На минуту она растерялась. И этих жалких юнцов она боялась столько времени? Да пусть катятся подальше вместе с их брошюрками и листовочками! Но что-то ее остановило. То ли жирная свастика на футболке одного из них… Точно такая, как тогда, десять лет назад… То ли глухая тупая злоба в глазах молодых нацистов… То ли детское воспоминание о страшных шрамах на согбенной спине больного деда, бывшего узника Освенцима…
«Старший» напыщенно произнес:
– За нас есть кому вступиться!
– Пасть закрой! – детектив Иван Семенов взмахнул шершавой заскорузлой ладонью – ладонью человека, умеющего одинаково хорошо держать крестьянскую лопату и автомат Калашникова. И «старший», точно пугливая собачонка, шарахнулся в сторону.
– Вызывайте милицию, – сказала Ада. – Я подаю в суд. На них и их хваленое РНЕ. За оскорбление чести и достоинства.
«Девочка что-то стирала, склонившись над ржавой раковиной, когда на серой кафельной стене выросла огромная тень.
Девочка обернулась, испуганно вытаращив глаза, пролепетала:
– Что тебе нужно?
– Не ори.
На лицо легла тяжелая потная рука…»
– Марина, Марина, проснись!
– Что?! – Она подскочила и села на кровати, дико озираясь.
Антон коснулся ее взмокшего лба.
– Ты кричала во сне.
– Что кричала?
Он пожал плечами.
– Говорила: «Нет, не надо».
Марина потерла виски, точно стараясь унять головную боль.
– Да… – в ее голосе зазвучала горькая ирония. – Теперь я не даю тебе спать. Лучше мне переселиться в другую комнату.
Она накинула пеньюар, взяла с тумбочки сигареты, зажигалку и вышла.
На лестнице, застланной мохнатым ковром, горели светильники в виде факелов. Разумно – в темноте можно оступиться ненароком и шею сломать. Марина присела на верхнюю ступеньку, закурила, стряхивая пепел прямо на сероватый мрамор.

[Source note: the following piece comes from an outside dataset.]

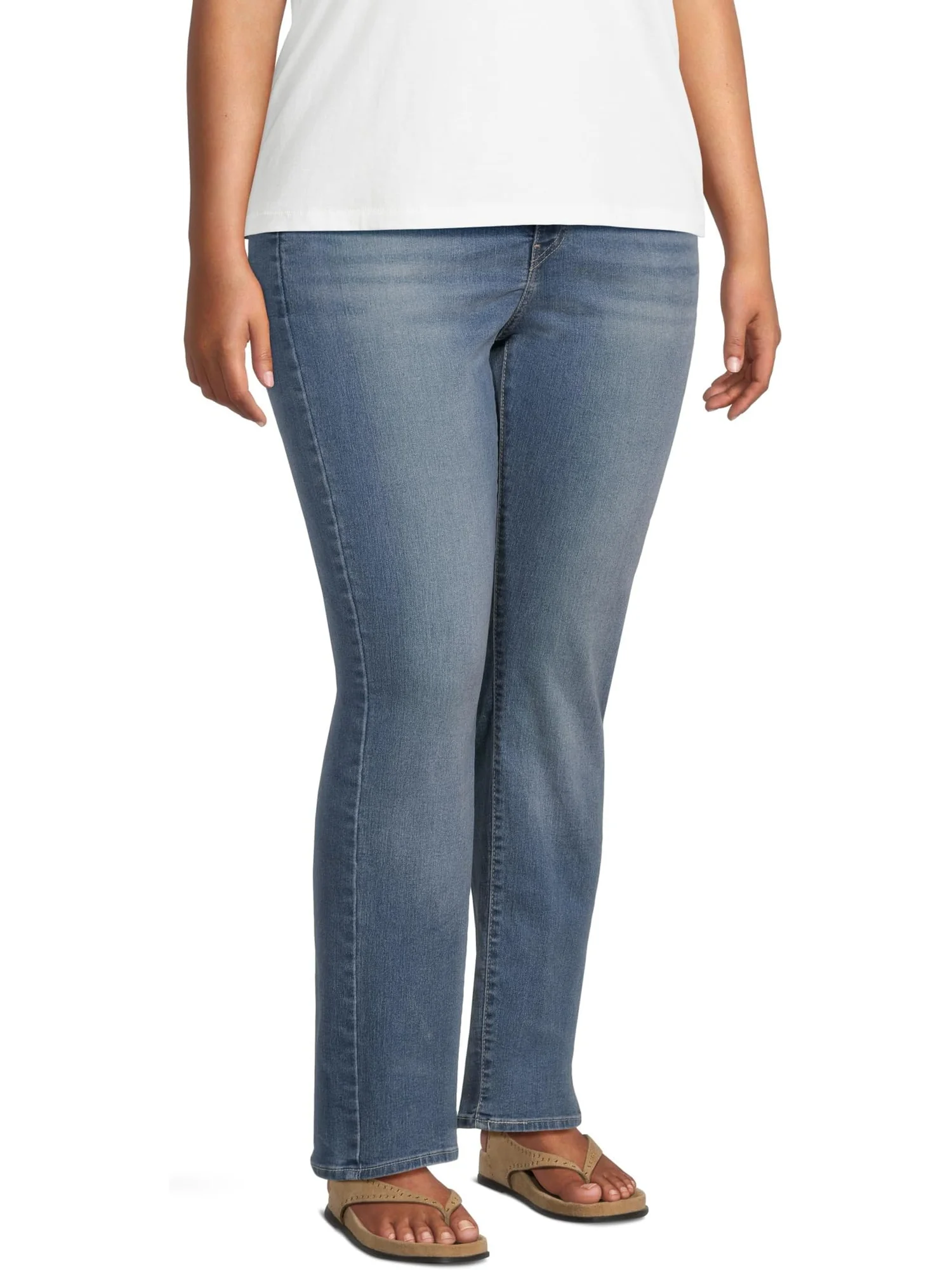 Джинсы Levi's Womens 724 High Rise Straight — изображение 2 из 5, индиго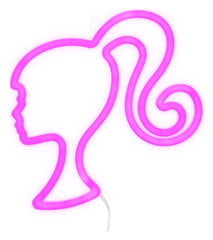 Barbie Wall Lamp LED Neon 5056577726541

– Знаешь, что один человек сказал другому, сидящему на рельсах? – спросил подошедший Антон.
– ?
– Подвинься.
Она слабо улыбнулась.
– Хочешь выпить?
– Нет, спасибо.
– Что случилось, детка?
Когда он вот так касался ее плеча, ей казалось, что в его голосе слышится нечто большее, чем простое участие. И тогда ей отчаянно хотелось свернуться в клубок, спрятаться в его сильных руках… Но это было бы глупой сентиментальной блажью… Слава Богу, ей больше никогда не будет одиннадцать…
Она ответила, сердито насупившись:
– Ерунда. Обыкновенный ночной кошмар.
– Знаешь, – его ладонь была горяча, словно печка, – чтобы кошмар не повторялся, о нем нужно рассказать кому-нибудь.
– Он не повторится. ЭТО приходит только иногда, во сне.
– Поговори со мной, – настойчиво попросил Антон. – Ты можешь мне довериться. Как я однажды доверился тебе.
– Думаю, это не лучшая тема для обсуждения со своим мужчиной.
– Марина… – Он поймал пальцем ее подбородок, заглянув в глаза. – Тебе когда-то причинили боль…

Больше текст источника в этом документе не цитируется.